USDA Threatens to Prosecute Anyone Who Tests a Cow for Mad Cow Disease
NPR reported today on a USDA threat to prosecute anyone who tests a cow for mad cow disease. A beef producer asked the USDA to test all his cows. He offered to pay for the testing. The USDA not only refused to test his cows but told him they would prosecute anyone else who tested them.
This is the one of many example of vested business interests using government agencies as pawns to undermine the health and safety of the American people. The same type of behavior is rampant in healthcare. Our system is a regulated beaurocracy that systematically suppresses innovation that could help the consumer.
One can turn to the Harvard Business Review for an analysis of “the most entrenched, change-averse industry in the United States.”
Christensen, CM; Bohmer, R; Kenagy, J. Will Disruptive Innovations Cure Health Care? Harvard Business Review, Sep-Oct 2000, pp. 103-111.
“Imagine a portable, low-intensity X-ray machine that can be wheeled between offices on a cart. It creates images of such clarity that pediatricians, internists, and nurses can detect cracks in bones or lumps in tissue in their offices, not in a hospital. It works through a patented “nanocrystal” process, which uses night-vision technology borrowed from the military. At 10% of the cost of a conventional X-ray machine, it could save patients, their employers, and insurance companies hundreds of thousands of dollars every year. Great innovation, right? Guess again. When the entrepreneur who developed the machine tried to license the technology to established health care companies, he couldn’t even get his foot in the door. Large-scale X-ray equipment suppliers wanted no part of it. Why? Because it threatened their business models.

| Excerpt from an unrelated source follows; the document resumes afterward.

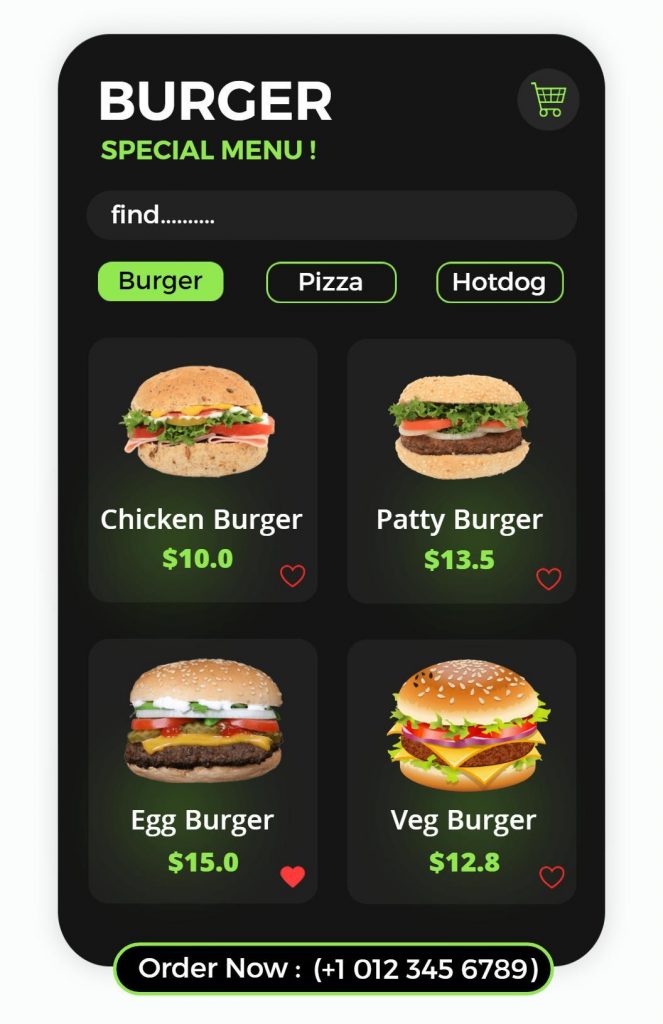 interactive menu layout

“What happened to the X-ray entrepreneur is all too common in the health care industry. Powerful institutional forces fight simpler alternatives to expensive care because those alternatives threaten their livelihoods. And those opponents to low-cost change are usually lined up three or four deep. Imagine for a moment that our entrepreneur was able to license the technology. Even then, he would probably face insuperable barriers. Regulators, afraid of putting patients at risk, would withhold approvals. Radiologists, who establish the licensing standards that regulators enforce, don’t want to lose their jobs, so they’d fight it, too. Insurance companies, which approve only established licensed procedures, would refuse to reimburse for it. And hospitals, with their large investments in radiology and emergency departments, want injuries to flow to them–so they, too would join the forces holding back change.”

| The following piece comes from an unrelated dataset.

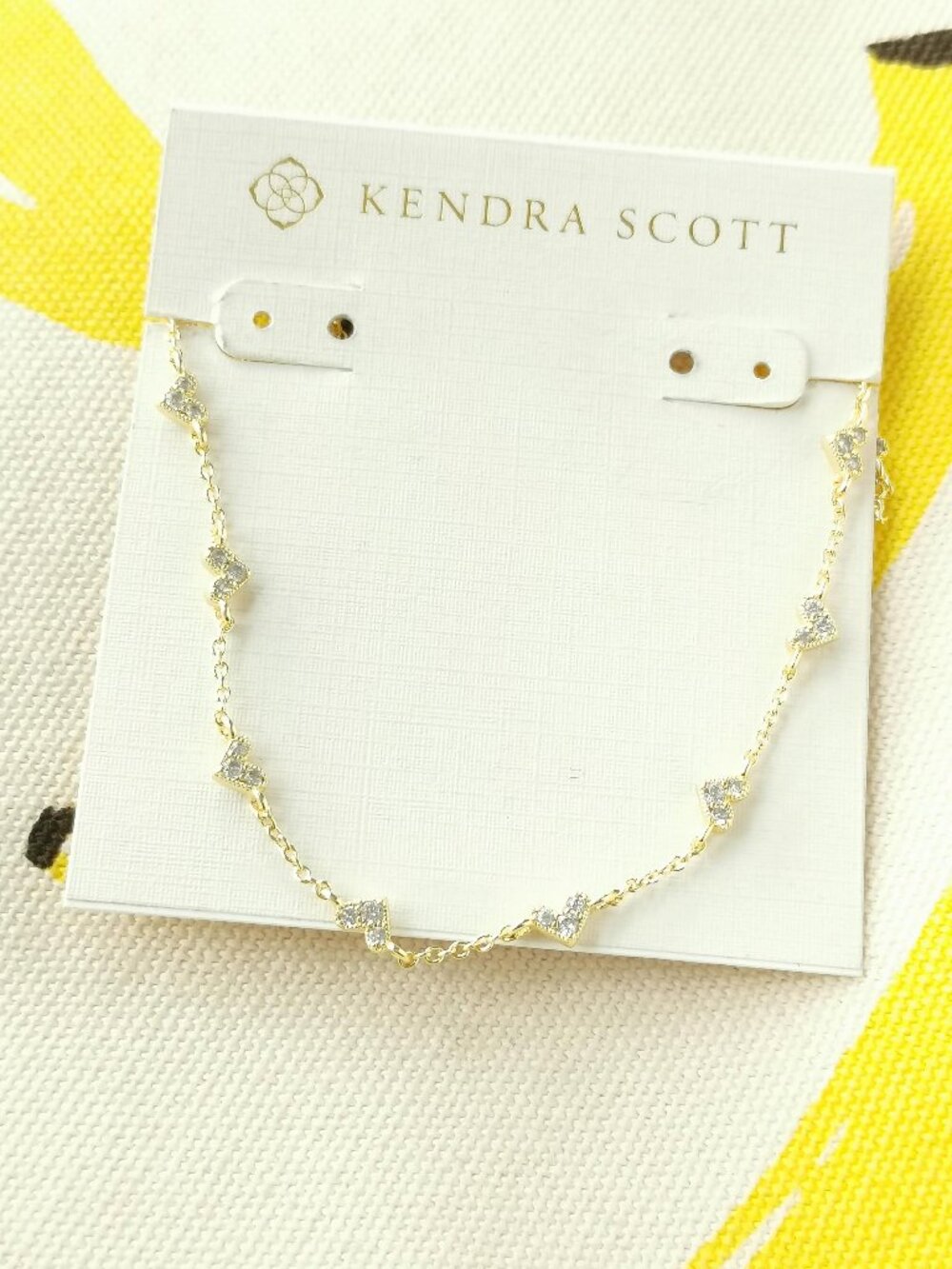 Kendra Scott Haven Heart Strand Necklace - Gold & White Crystal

At the MIT Future of Health Technology Summit we discuss these issues every year among some of the top leaders in healthcare. The consensus last October was that aligning business incentives with the safety and well being of patients was the core of the problem and that radical change was necessary. Frankly, the only way I see this happening is massive consumer revolt causing major political repercussions. It is essential that every healthcare consumer concerned about themselves, their children, and the elderly in their family to become educated, to take charge of their own healthcare and the healthcare of their loved ones, and to demand accountability and political action.

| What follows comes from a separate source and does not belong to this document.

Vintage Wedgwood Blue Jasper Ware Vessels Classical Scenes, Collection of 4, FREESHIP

Let’s hope aging baby-boomers will still have the mojo to act on this. It will make stopping the Vietnam war look like a cakewalk. Check out Robert McNamara in “The Fog of War.” If that doesn’t get your juices flowing, try seeing “Apocalypse Now” for the third time. When I finished my 100th mission over North Vietnam in 1968, there were only about 25000 dead U.S. soldiers and it was clear that we were in the wrong place at the wrong time. It took more than another 25,000 to get people to wake up. In healthcare we have more than four Vietnams of medical error every year. That doesn’t count lives that would be saved without systematic suppression of innovation.